Heartwarming French film proves not so ‘intouchable’
“The Intouchables,” a French film originally released overseas in 2011, is one of the most inspirational films to come out in recent years. Though it is peppered with moments of sadness, most scenes have some hilarity to them and make the viewing experience worthwhile.
While it’s not a standard Hollywood-style soap, it still contains a lot of heart that leaves the viewer with a sense of optimism.
One could hardly imagine two people more different than the main characters. Driss is a poorly-educated former criminal from a dysfunctional family, and Philippe is a wealthy man who became a paraplegic after a severe accident. Philippe is depressed, moody and very picky in choosing a caretaker for himself. Still, he is admired by Driss’ ability to make fun of everything, his careless sense of humor and tomfoolery.
When Philippe chose Driss to be his caretaker, his friend warns him that Driss is a former criminal and, as he thinks, ex-convicts do not know compassion. But, Philippe says he does not need compassion and that he favors the fact that Driss often forgets about Philippe’s condition. While Driss can appear childish at times, the viewer will feel relieved to see Philippe laughing and will even laugh with him too. Any embarrassing emotions you may feel will fade away with the funnier moments of the film, and there are many. For example — when Philippe, an art connoisseur, buys an expensive picture of modern art, Driss decides that it would make for good business and proceeds to draw his own picture several hours later. You can’t keep from smiling after seeing how Philippe sells this work of a “debutant artist who has exhibitions in Rome and Berlin” for several thousand euro and how it makes Driss excited. The hilarious, genuine and wholehearted nature of the friendship leads to Phillippe finding meaning in life once again.

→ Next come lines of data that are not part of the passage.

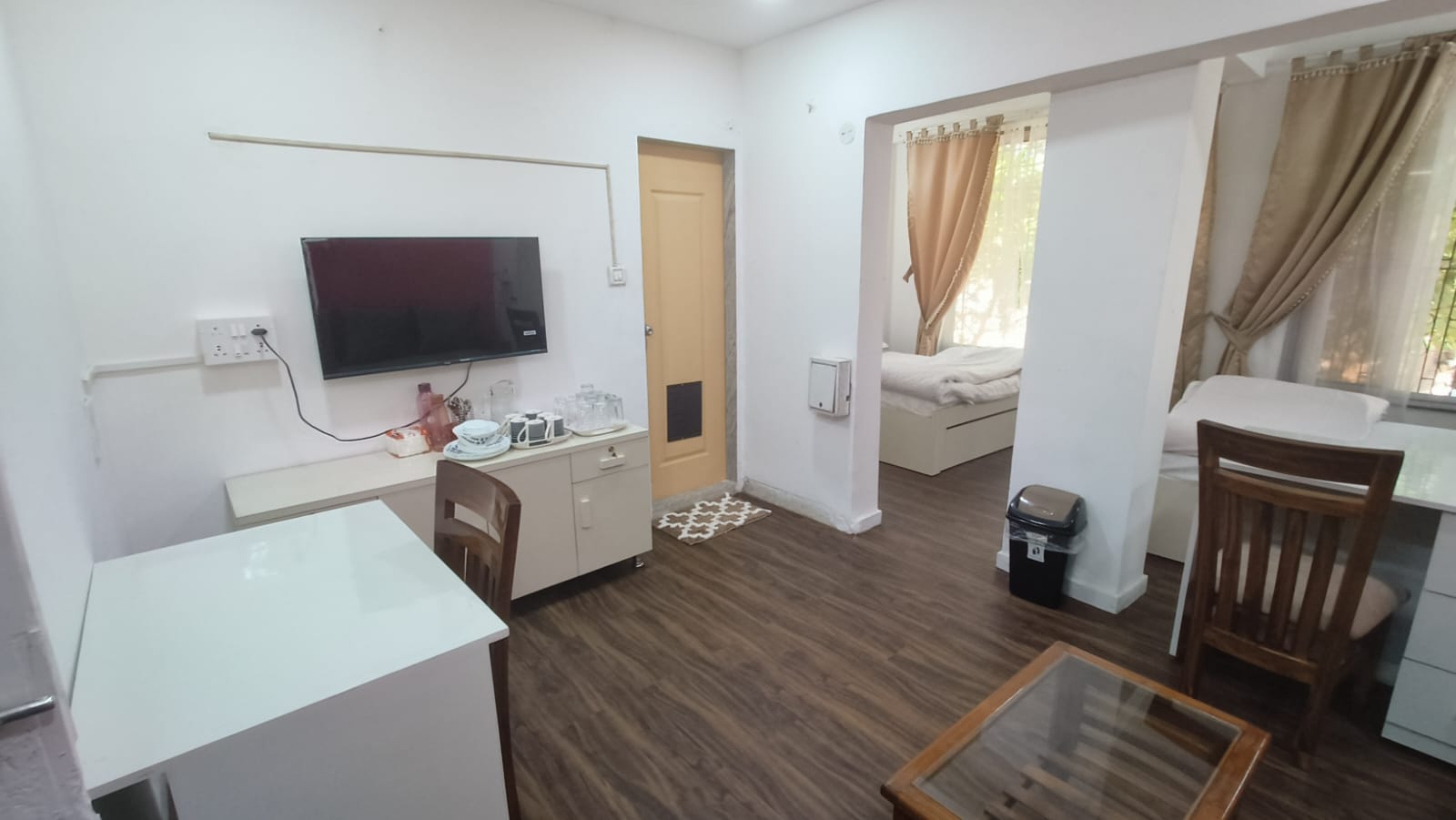 Huge private room for 6- Andheri West - Tap to explore photos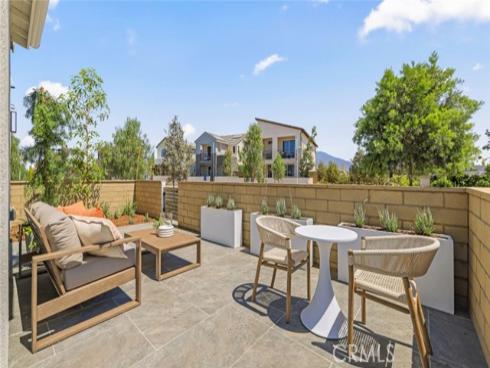 240 Sora , Irvine, CA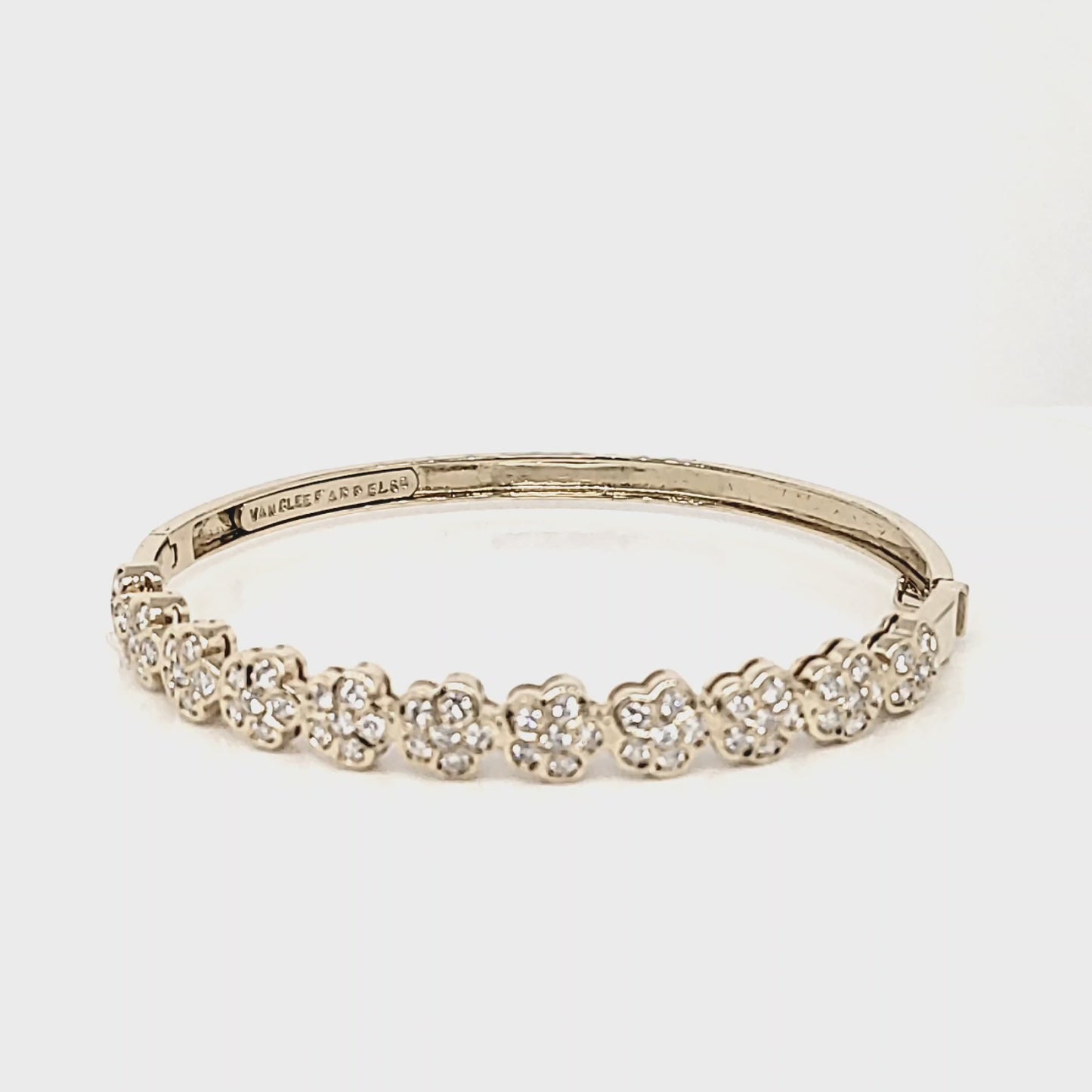 Van Cleef & Arpels Pre-owned 11 Motif Diamond Trefle Bracelet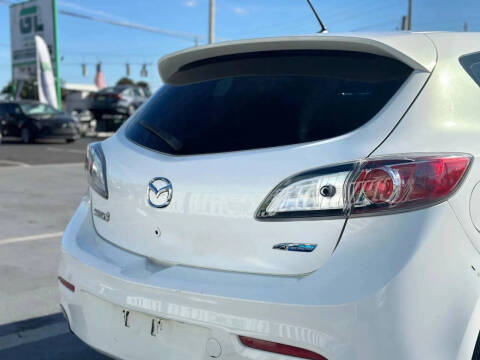 2013 Mazda MAZDA3 i Grand Touring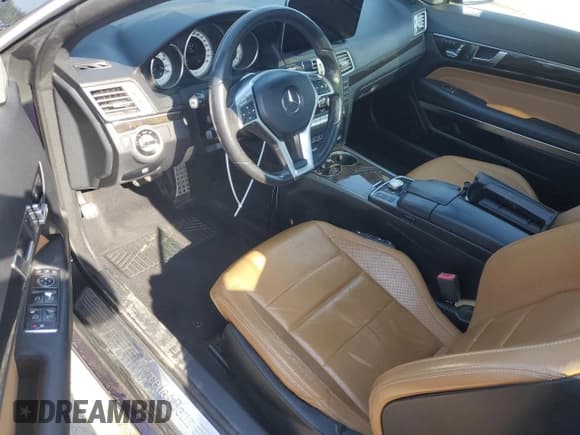 ✅ 2015 Mercedes-Benz E 400 • VIN: WDDKJ6HB1FF300141 • Лот: 67376985. Опубликован ранее на Copart с пробегом 67 955 миль. Бесплатный доступ к архиву аукционных продаж из США и подробный отчёт об истории автомобиля на DreamBid. Изображение 8.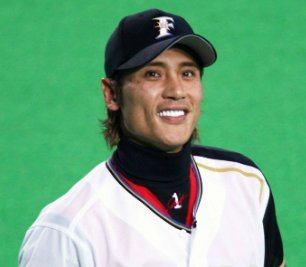 【画像】新庄剛志さん、エッチなオヘソに擬態してしまうwww
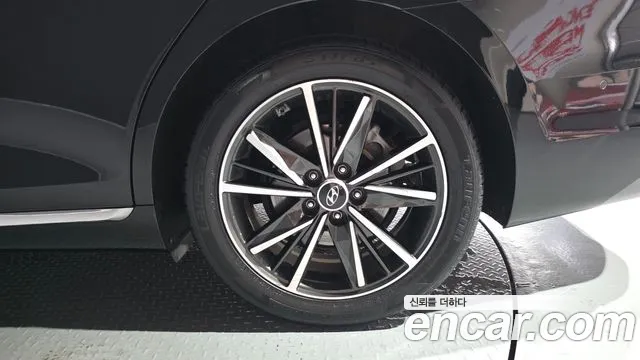 Hyundai Grandeur — Фото автомобиля 15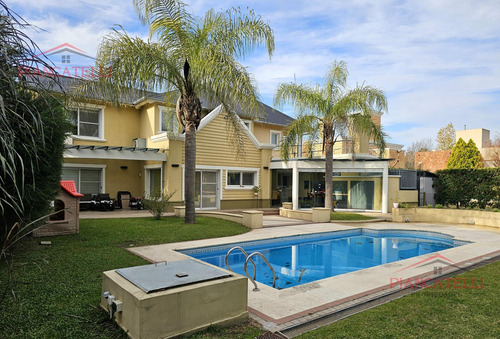 Venta De Casa En Campos De Alvarez Con 4 Habitaciones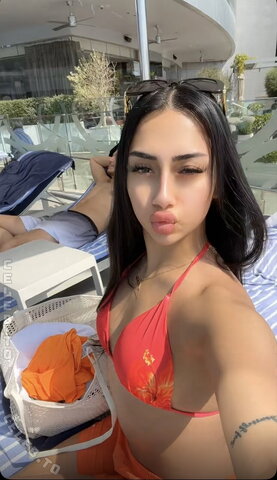 Asaliraniii nude photo 9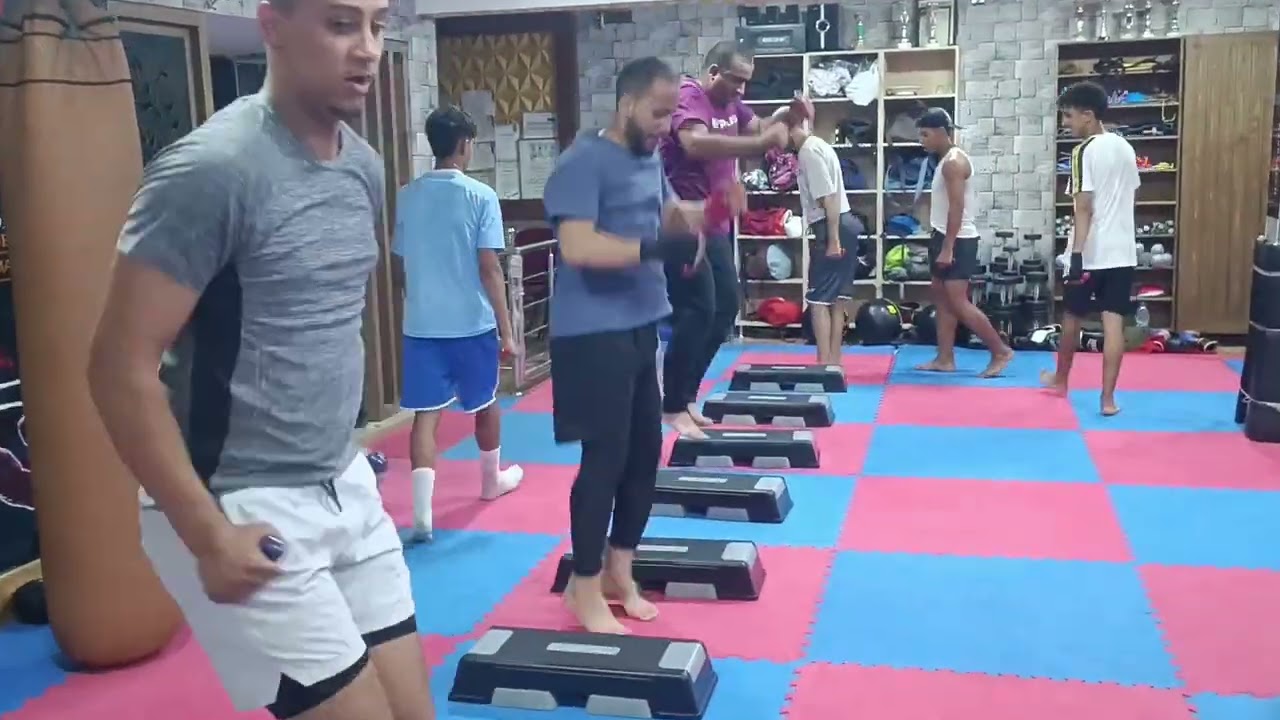 الحصة التانية في الملاكمة من اللياقة البدنية خطوة متقدمة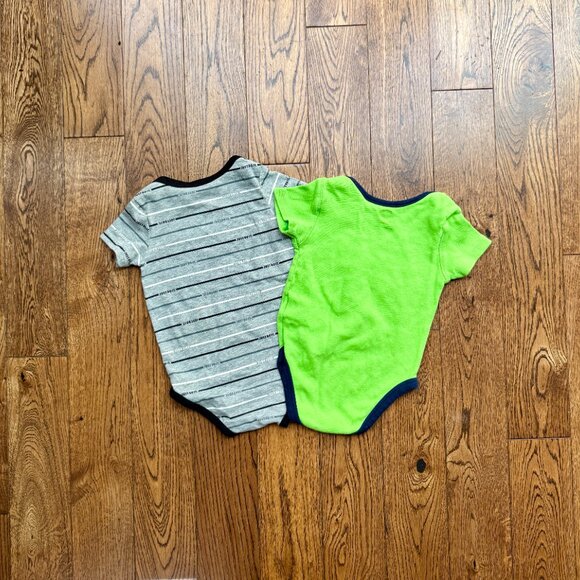 Sports Seattle Seahawks Nike Baby Bodysuit Bundle 6-9 months - Picture 2 of 4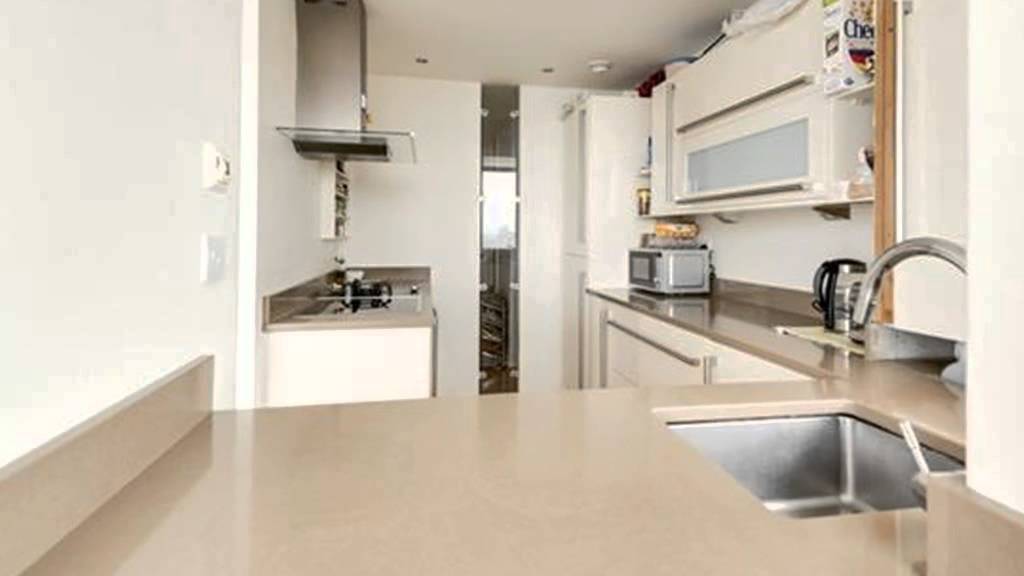 Sussex Heights, Brighton, 2 bedroom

Another thing to note about the film is the fact that it’s based on a true story. French businessman Philippe Pozzo di Borgo became paralyzed and later lost his wife to a terminal illness, but he was saved from his own depression because of the Algerian ex-criminal Abdel Yasmin Sellou, who became his caretaker and a friend. In his memoir, “You Changed My Life”, Sellou tells how they both influenced each others lives. Both individuals now have their own families and live in different countries, but visit each other and remain good friends.
This is a film that I would recommend to anyone. If you feel the need to restore your belief in humanity, watch the touching story of “The Intouchables.”